On balance, FAI appears to be an idea worth supporting. The concerns raised above are important, but in many cases, they are arguments for making sure that FAI is done right, rather than arguments against creating FAI at all (though this isn't uniformly the case). I look forward to hearing feedback from readers.

Backlinks

"Response to 'Thoughts on Friendly AI'" at Accelerating Future.


[1] Yudkowsky discourages speculation about what a friendly AI implementing CEV might look like: "Arguing about Friendliness is easy, fun, and distracting. Without a technical solution to FAI, it doesn't matter what the would-be designer of a superintelligence wants; those intentions will be irrelevant to the outcome. Arguing over Friendliness content is planning the Victory Party After The Revolution - not just before winning the battle for Friendly AI, but before there is any prospect of the human species putting up a fight before we go down. The goal is not to put up a good fight, but to win, which is much harder.

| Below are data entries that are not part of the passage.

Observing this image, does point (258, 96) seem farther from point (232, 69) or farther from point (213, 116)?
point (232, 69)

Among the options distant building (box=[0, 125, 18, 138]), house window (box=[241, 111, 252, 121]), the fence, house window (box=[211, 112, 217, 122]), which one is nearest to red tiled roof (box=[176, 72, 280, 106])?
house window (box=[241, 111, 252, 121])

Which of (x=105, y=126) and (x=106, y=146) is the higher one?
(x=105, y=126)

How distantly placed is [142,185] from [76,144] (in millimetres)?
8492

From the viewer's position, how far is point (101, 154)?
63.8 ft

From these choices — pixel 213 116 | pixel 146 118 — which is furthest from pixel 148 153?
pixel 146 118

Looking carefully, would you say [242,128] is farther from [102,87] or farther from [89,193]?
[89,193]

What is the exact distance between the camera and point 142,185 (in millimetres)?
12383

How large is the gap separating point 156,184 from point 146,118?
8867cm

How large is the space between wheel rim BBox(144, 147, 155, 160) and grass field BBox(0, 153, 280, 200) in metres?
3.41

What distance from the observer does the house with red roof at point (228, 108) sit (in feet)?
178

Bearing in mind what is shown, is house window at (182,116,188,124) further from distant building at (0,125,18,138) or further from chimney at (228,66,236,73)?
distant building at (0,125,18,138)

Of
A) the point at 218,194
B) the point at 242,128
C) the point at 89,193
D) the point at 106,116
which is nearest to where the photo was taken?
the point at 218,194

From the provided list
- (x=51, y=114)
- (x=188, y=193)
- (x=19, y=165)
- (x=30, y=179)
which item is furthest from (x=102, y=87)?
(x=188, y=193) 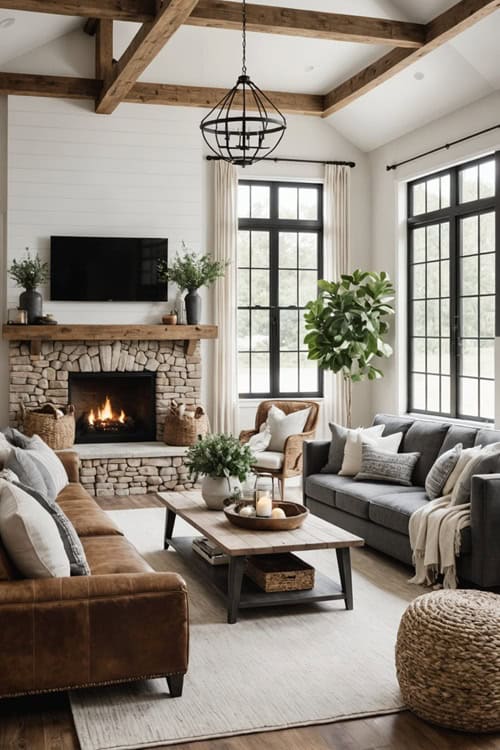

But right now the question is whether the human species can field a non-pathetic force in defense of six billion lives and futures." However, I think discussion of possible outcomes is appropriate. If people believe that, on balance, the impact of a friendly AI is likely to be quite harmful, why should they support it? "Better dead than red," they might say. So making sure such concerns are considered and addressed is important.

[2] The amount of happiness would be infinite, too. I'm assuming a comparison of the relative proportions of happiness and suffering, though the uniqueness of such a comparison may present a problem.

[3] Yudkowsky made a related comment in his paper on CEV:

I ask myself what advice I would give to [Al-Qaeda] terrorists, if they were programming a superintelligence and honestly wanted not to screw it up, and then that is the advice I follow myself.

The terrorists, I think, would advise me not to trust the self of this passing moment, but try to extrapolate an Eliezer who knew more, thought faster, were more the person I wished I were, had grown up farther together with humanity. Such an Eliezer might be able to leap out of his fundamental errors. And the terrorists, still fearing that I bore too deeply the stamp of my mistakes, would advise me to include all the world in my extrapolation, being unable to advise me to include only Islam.

But perhaps the terrorists are still worried; after all, only a quarter of the world is Islamic. So they would advise me to extrapolate out to medium-distance, even against the force of muddled short-distance opposition, far enough to reach (they think) the coherence of all seeing the light of Islam.

[4] Evolutionary psychology would seem to offer a plausible explanation of why people tend to ignore small probabilities: There's a limit to how successfully an organism can pass on its genes, so that low probabilities of large non-gene-passing payoffs would still translate into fairly low expected numbers of surviving offspring.